週刊あはきワールド 2015年7月22・29日合併号 No.435

活きたツボを捉える切経探穴法 第16回

運動器系疾患の診察診断治療の実際その2

~補足と質疑応答~

蓬治療所 戸ヶ﨑正男 


はじめに

 前号を読んだ読者から次のような感想と質問が寄せられました。

 「恥ずかしい質問というか感想なのです。戸ヶ崎先生のご見識、長年の臨床経験に基づく理論は大変貴重だと尊敬申し上げていますが、私のような名ばかりの鍼灸師には最初からお手上げであると正直に申し上げます。

 脈診できません。ツボの虚実の識別もできません。取穴も怪しい。腹診も分かりません。身体観察もどこをどう見るのか、よく分かりません。
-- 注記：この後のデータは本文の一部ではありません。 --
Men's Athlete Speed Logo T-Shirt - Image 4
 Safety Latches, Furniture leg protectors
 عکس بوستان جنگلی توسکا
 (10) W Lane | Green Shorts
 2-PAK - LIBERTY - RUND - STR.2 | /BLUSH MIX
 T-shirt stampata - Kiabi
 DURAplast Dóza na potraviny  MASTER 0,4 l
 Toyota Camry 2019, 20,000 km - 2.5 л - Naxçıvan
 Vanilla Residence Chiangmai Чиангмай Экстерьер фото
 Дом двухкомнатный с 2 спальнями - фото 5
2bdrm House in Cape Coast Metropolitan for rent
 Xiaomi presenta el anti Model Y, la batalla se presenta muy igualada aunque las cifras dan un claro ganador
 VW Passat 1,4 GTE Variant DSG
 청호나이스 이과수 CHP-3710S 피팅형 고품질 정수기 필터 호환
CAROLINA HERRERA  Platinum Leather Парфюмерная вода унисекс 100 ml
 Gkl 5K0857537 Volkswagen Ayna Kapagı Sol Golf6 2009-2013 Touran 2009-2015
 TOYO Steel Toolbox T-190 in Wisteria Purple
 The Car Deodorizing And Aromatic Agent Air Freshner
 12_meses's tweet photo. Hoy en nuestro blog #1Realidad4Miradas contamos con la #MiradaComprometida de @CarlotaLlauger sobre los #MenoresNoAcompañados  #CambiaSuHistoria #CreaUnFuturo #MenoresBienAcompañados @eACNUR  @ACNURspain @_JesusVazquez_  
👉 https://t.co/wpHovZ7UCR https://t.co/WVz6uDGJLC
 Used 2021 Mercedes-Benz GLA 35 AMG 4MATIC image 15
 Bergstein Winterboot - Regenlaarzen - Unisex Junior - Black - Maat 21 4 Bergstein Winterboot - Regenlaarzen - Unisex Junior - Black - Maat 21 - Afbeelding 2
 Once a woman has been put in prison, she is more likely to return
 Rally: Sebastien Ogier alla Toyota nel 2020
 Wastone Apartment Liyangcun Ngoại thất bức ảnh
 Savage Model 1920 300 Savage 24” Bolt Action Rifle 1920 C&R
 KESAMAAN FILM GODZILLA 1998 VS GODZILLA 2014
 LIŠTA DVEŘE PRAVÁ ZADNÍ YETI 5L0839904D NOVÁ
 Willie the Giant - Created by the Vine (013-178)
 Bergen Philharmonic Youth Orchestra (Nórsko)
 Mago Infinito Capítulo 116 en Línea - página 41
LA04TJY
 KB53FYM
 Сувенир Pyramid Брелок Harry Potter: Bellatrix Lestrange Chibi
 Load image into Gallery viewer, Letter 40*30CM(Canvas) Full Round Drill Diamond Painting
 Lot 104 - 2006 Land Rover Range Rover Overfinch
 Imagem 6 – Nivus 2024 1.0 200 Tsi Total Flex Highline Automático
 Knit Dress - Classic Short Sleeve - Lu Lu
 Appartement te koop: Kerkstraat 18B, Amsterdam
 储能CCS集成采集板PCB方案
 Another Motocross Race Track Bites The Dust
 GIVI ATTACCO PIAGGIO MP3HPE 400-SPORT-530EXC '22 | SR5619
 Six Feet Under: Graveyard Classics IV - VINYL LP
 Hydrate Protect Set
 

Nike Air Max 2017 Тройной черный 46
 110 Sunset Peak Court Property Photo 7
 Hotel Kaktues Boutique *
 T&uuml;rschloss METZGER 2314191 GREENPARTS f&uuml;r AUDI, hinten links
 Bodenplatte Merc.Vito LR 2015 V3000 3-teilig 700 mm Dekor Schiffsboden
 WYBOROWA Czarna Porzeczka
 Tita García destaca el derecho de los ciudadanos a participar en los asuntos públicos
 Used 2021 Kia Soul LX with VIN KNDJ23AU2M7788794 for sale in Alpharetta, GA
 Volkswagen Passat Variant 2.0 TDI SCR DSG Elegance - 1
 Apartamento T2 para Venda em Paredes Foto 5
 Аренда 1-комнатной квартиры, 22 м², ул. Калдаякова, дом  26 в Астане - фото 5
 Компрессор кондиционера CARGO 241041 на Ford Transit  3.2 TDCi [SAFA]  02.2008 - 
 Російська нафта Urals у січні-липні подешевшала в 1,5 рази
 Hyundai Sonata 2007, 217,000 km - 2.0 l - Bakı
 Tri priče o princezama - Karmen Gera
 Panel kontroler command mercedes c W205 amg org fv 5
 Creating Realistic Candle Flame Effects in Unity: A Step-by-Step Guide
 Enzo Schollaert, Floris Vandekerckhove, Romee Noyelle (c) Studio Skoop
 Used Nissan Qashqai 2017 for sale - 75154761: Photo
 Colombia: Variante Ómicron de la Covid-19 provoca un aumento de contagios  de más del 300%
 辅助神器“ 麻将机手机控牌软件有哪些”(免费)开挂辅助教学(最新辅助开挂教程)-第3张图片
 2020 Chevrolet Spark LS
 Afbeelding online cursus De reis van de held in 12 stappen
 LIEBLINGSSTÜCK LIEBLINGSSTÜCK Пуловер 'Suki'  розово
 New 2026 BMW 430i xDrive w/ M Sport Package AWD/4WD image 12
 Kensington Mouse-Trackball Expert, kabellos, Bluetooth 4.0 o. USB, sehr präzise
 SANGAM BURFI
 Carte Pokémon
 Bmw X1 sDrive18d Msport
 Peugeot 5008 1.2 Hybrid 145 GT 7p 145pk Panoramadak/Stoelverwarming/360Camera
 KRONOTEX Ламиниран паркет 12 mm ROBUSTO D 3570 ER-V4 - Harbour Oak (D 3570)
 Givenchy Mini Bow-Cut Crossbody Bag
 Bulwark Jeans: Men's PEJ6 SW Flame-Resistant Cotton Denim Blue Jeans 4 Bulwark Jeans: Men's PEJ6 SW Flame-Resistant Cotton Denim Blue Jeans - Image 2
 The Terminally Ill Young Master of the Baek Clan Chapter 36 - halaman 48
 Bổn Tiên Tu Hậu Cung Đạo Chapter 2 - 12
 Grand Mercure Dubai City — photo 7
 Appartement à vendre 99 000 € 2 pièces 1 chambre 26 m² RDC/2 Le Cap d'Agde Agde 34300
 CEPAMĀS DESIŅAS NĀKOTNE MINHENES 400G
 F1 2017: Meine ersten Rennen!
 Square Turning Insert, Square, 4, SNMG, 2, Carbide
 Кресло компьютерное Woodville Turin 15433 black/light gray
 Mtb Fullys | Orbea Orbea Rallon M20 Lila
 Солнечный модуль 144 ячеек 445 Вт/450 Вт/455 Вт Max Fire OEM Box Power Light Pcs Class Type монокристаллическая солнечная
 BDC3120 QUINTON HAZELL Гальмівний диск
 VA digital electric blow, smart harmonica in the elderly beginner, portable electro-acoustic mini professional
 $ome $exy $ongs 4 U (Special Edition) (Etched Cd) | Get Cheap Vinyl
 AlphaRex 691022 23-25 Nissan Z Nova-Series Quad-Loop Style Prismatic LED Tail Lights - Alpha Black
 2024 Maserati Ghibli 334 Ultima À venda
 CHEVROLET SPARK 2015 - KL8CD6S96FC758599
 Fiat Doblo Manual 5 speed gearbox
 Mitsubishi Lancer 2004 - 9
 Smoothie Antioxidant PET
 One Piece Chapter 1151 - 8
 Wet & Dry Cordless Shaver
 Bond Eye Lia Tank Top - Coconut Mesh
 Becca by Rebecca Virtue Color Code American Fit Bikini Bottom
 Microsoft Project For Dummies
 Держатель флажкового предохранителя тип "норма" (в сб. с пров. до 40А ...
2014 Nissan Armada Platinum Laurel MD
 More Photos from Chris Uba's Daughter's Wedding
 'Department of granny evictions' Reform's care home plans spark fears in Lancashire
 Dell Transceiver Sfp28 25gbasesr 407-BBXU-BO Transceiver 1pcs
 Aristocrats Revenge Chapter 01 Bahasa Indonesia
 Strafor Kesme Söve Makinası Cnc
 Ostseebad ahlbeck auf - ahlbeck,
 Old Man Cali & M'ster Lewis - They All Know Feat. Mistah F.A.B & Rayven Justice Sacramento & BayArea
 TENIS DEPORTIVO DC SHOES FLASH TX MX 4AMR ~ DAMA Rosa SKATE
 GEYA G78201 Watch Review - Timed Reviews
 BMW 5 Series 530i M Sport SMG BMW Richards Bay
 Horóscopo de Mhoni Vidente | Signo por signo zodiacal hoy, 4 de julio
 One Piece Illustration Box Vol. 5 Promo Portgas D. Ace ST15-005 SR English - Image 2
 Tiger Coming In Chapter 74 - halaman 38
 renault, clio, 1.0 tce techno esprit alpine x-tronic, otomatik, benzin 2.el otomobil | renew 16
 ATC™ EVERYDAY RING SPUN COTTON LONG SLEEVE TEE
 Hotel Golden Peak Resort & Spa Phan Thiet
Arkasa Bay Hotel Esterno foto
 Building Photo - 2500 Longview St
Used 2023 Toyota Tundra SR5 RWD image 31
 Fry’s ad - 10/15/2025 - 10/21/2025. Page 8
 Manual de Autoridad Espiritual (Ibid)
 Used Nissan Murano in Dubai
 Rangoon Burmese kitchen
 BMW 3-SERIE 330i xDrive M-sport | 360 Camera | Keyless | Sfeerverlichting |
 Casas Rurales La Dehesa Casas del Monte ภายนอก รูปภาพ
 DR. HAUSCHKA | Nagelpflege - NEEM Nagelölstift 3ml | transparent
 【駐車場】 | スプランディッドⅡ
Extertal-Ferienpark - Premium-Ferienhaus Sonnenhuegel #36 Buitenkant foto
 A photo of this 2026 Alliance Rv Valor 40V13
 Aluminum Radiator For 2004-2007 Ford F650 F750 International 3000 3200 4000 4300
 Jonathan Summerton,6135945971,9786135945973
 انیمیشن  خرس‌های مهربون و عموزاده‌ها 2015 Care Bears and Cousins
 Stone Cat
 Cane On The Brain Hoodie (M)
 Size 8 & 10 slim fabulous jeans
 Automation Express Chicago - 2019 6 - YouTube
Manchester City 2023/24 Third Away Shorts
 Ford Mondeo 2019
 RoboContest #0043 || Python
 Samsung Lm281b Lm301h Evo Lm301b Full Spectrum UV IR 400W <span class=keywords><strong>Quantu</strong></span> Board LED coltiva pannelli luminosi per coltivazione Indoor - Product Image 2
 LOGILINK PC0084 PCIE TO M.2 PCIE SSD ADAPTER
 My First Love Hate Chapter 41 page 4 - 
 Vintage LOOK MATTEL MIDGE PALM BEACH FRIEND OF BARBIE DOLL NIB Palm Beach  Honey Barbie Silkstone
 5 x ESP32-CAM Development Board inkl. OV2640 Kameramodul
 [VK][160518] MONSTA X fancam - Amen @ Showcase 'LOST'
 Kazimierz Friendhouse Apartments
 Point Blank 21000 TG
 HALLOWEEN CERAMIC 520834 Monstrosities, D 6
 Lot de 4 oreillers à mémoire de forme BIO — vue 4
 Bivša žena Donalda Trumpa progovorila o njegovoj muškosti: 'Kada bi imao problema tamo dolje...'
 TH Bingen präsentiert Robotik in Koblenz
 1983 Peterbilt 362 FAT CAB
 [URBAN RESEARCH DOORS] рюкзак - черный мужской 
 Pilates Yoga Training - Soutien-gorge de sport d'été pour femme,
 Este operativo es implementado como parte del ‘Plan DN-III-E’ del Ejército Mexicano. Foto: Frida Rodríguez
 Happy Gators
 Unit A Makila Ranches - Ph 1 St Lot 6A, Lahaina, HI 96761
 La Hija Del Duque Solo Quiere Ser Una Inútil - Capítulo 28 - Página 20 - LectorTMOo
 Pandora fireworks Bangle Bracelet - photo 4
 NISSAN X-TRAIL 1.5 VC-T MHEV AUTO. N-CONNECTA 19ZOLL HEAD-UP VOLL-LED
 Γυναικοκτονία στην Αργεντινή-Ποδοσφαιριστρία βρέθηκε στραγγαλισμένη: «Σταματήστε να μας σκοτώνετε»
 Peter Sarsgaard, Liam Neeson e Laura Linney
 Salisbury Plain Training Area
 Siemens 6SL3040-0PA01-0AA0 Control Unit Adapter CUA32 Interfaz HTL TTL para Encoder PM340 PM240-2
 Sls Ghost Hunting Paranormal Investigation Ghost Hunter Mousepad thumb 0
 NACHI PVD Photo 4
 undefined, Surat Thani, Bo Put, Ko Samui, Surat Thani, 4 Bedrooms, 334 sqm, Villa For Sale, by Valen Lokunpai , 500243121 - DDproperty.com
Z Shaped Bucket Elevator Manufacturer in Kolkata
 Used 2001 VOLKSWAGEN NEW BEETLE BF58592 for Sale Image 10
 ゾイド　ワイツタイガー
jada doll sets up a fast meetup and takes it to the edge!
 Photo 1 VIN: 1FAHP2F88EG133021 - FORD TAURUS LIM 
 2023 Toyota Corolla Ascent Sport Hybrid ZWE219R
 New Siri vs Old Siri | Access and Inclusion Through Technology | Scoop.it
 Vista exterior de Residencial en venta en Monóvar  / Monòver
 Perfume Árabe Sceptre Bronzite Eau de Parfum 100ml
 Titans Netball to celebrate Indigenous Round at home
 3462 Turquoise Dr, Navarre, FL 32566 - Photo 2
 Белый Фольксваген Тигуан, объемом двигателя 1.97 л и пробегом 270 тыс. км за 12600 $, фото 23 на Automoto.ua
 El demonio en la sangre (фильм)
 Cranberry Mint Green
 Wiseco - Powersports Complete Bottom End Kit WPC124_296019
気の存在は信じていますが、体感できません。自分が鍼灸治療を受けて効果を実感したこともありません。そんなぶざまな鍼灸師でも、膝関節症の患者に対して最低限できることを例示していただけないものかなと思った次第です。

 個人的に入門した師匠は『どうしていいか分からない患者が来たら中脘、脾兪、胃兪に徹底的にお灸しろ。良くなることがあっても悪くなることはないから』と言います。とても大ざっぱですが、難しい患者に対して最初からゼロ回答しなくていいので、いささかほっとさせられる言葉です。

 効果は大きくなくても、ちょっと試してみたくなるような、いささかマニュアル的であってもシンプルな診断法・治療法も最大公約数的に併記していただくと、ありがたく存じます。『そんなものない』とおっしゃられれば、我が身を恥じ入るばかりで、お返しする言葉もございません。」

 毎回、臨床や講演等忙しい中で執筆していて、いつもぎりぎりで原稿を週刊『あはきワールド』に入れていますが、前月は特に忙しく、内心、不親切な、説明不足な原稿だと思っていました。締切のことがあったので、書き足さず出しました。案の定質問が来たわけです。

 今回は、先ず私が説明不足であると思っていることを書き足し、次に読者の質問にお答えします。従って、今号は「運動器系疾患の診察診断治療の実際その2―補足と質疑応答-」とします。

 なお、この質問の読者にはすでに回答済みですが、同じような疑問を持たれた読者も多いのではないかと考え、この質問の読者に今号に載せる同意を得ました。そればかりか、実名で載せてもよいともおっしゃっていただいたのですが、それにより問題が波及することを恐れて載せないことにします。

1.体質(気質)の捉え方

 前号の“2.診断(表3)”の項にある「患者さんの気質は安定しているという印象。静的体質は良好であるが、捻れ姿勢が体質不良の一つとなっています(図1の①・⑤・⑥・⑦・⑧・⑨・⑩)。動的体質は全体的に良好であるが、少し趣味が高じているようなので、中等度以下と判断します」という文章の理解には青字の内容が分からなければなりません。